WORK REQUEST
Please retype every record below exactly, leaving the pictures out.

Brief descriptive captions:
==*==
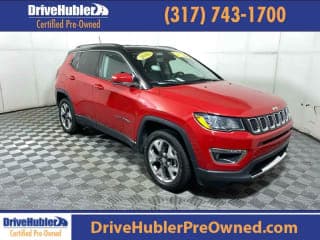 Jeep 2020 Compass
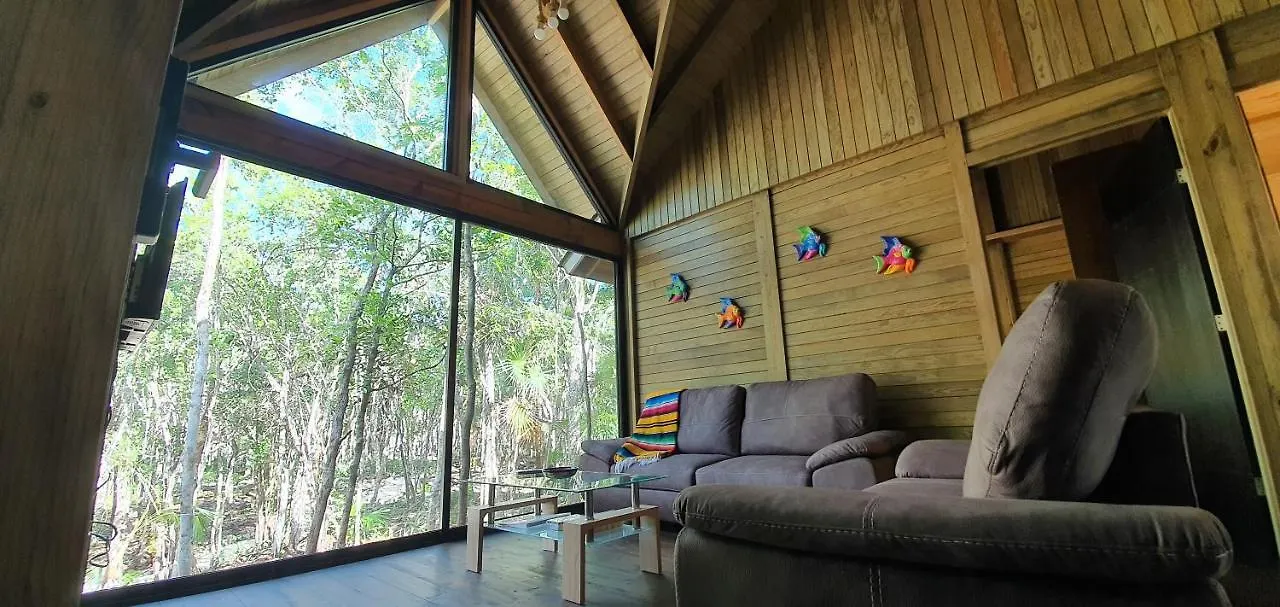 Hotel Energy Tulum Holistic Ranch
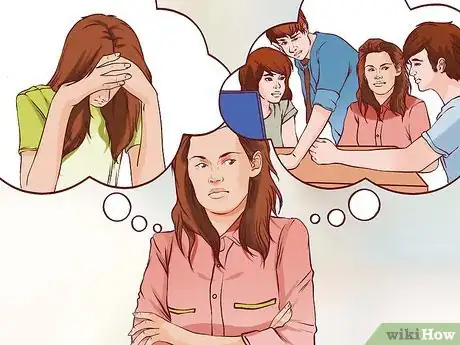 Imagem intitulada Be Less Insecure Step 4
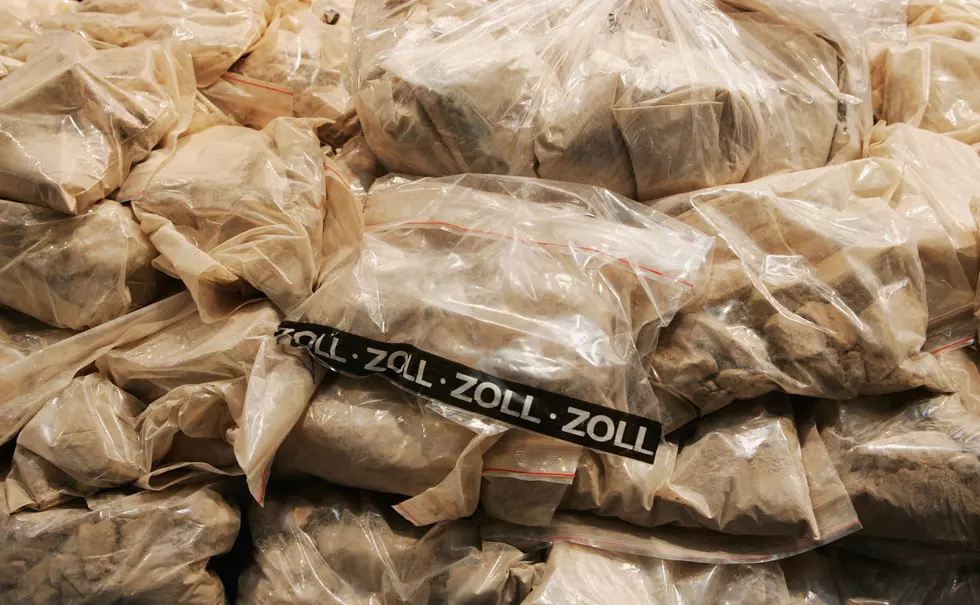 Buffalo Drug Bust Yields 980 Bags of Heroin!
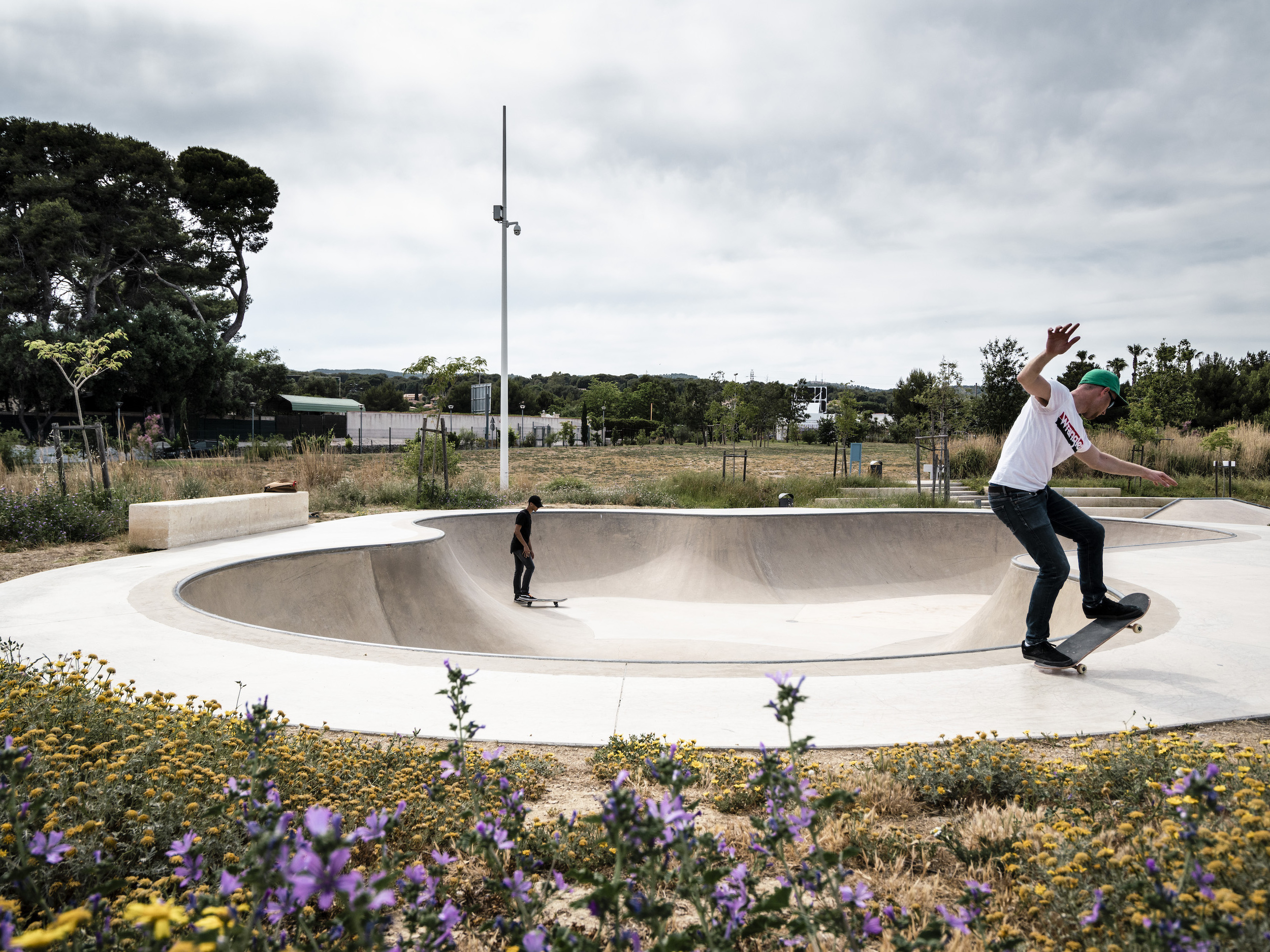 skatepark la ciotat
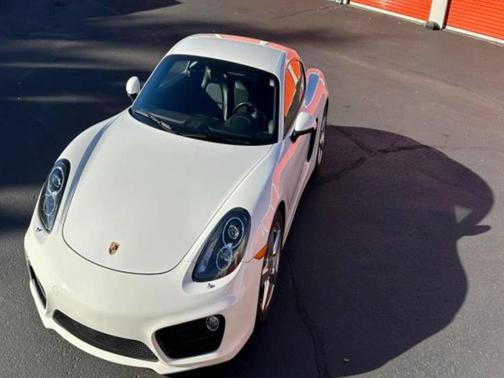 2016 Porsche Cayman GTS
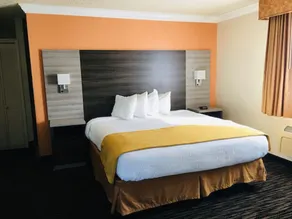 Arbor Inn Monterey - Chambre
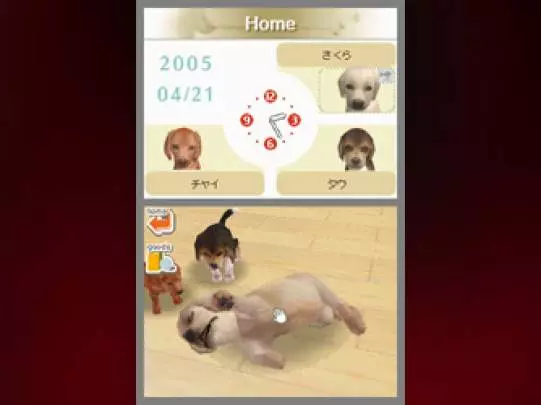 Nintendogs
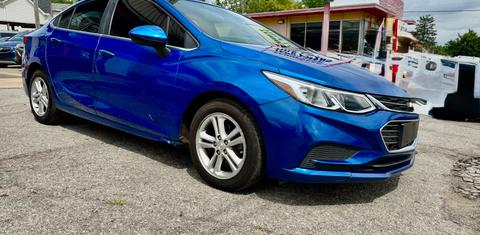 Chevrolet Cruze 2018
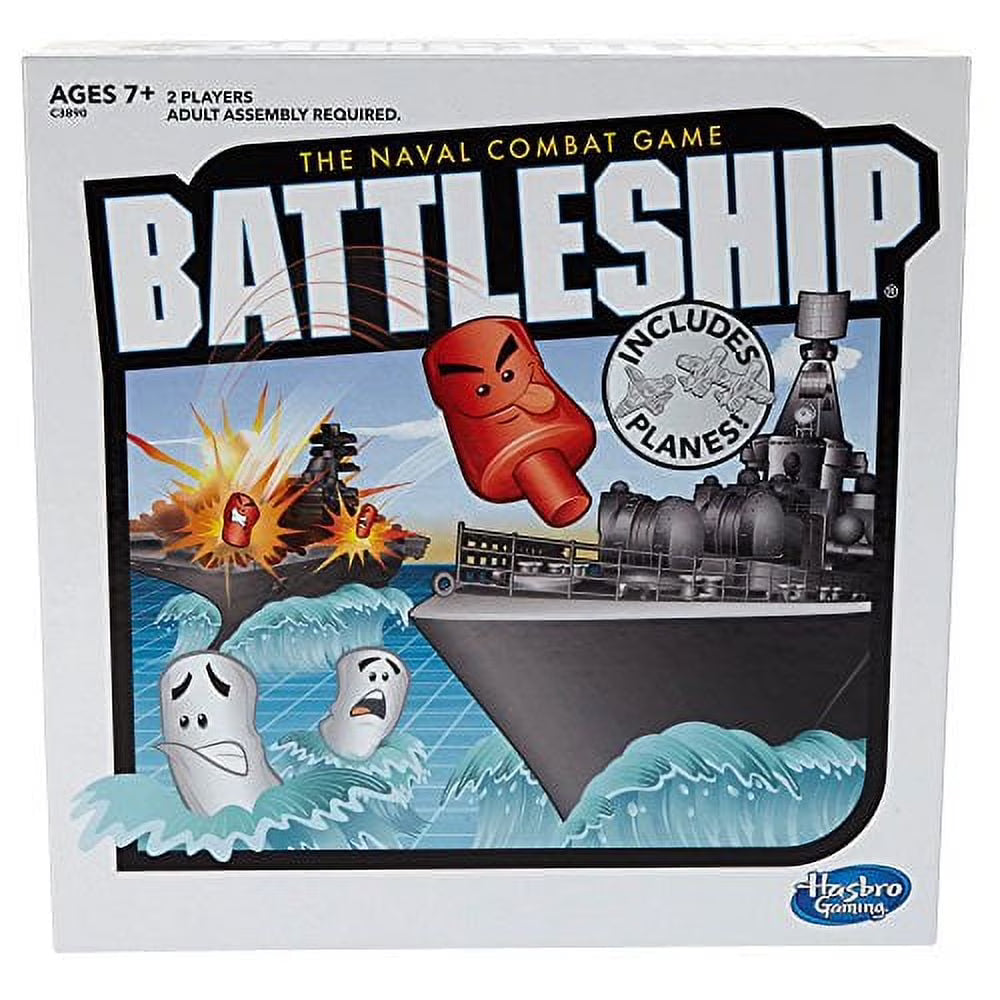 Battleship Game V1803
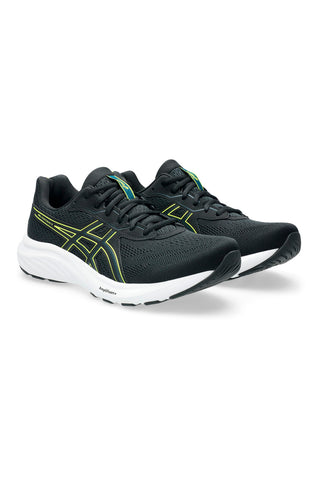 Asics GEL-CONTEND 9 Laufschuhe mit gedämpfter Zwischensohle, schwarz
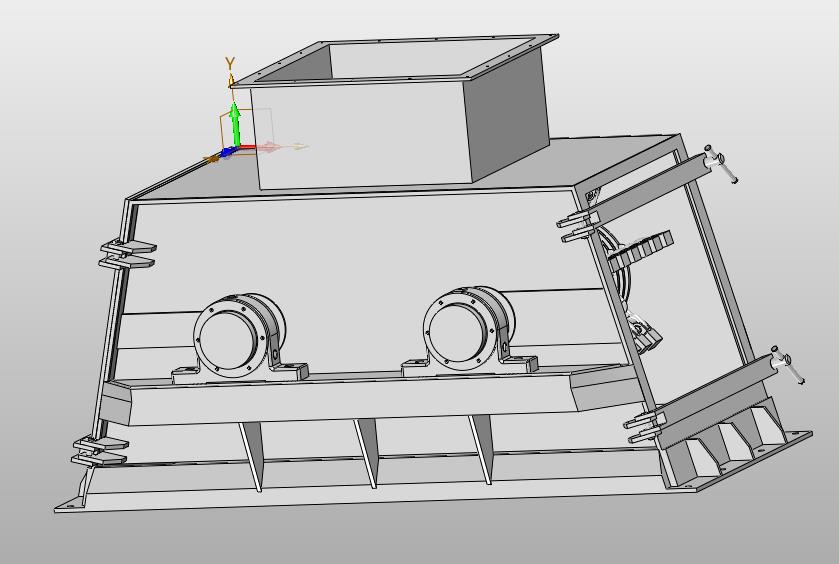 鹅卵石制砂机打沙碎石机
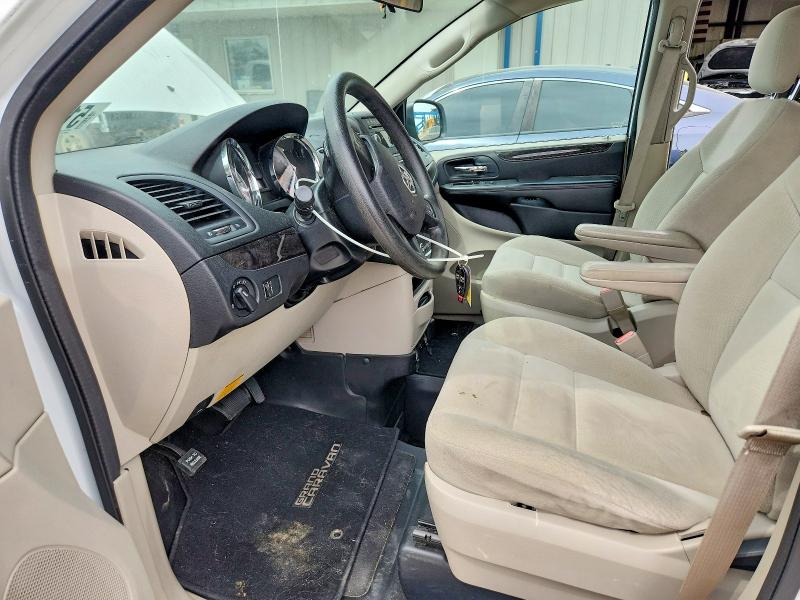 51272376 :رقم المزاد ، 2C7WDGBGXFR599430 vin ، 2015 Dodge Grand Caravan مزاد بيع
==*==
WRITTEN RESPONSE
 Jeep 2020 Compass
 Hotel Energy Tulum Holistic Ranch
 Imagem intitulada Be Less Insecure Step 4
 Buffalo Drug Bust Yields 980 Bags of Heroin!
 skatepark la ciotat
 2016 Porsche Cayman GTS
 Arbor Inn Monterey - Chambre
 Nintendogs
 Chevrolet Cruze 2018
 Battleship Game V1803
 Asics GEL-CONTEND 9 Laufschuhe mit gedämpfter Zwischensohle, schwarz
 鹅卵石制砂机打沙碎石机
 51272376 :رقم المزاد ، 2C7WDGBGXFR599430 vin ، 2015 Dodge Grand Caravan مزاد بيع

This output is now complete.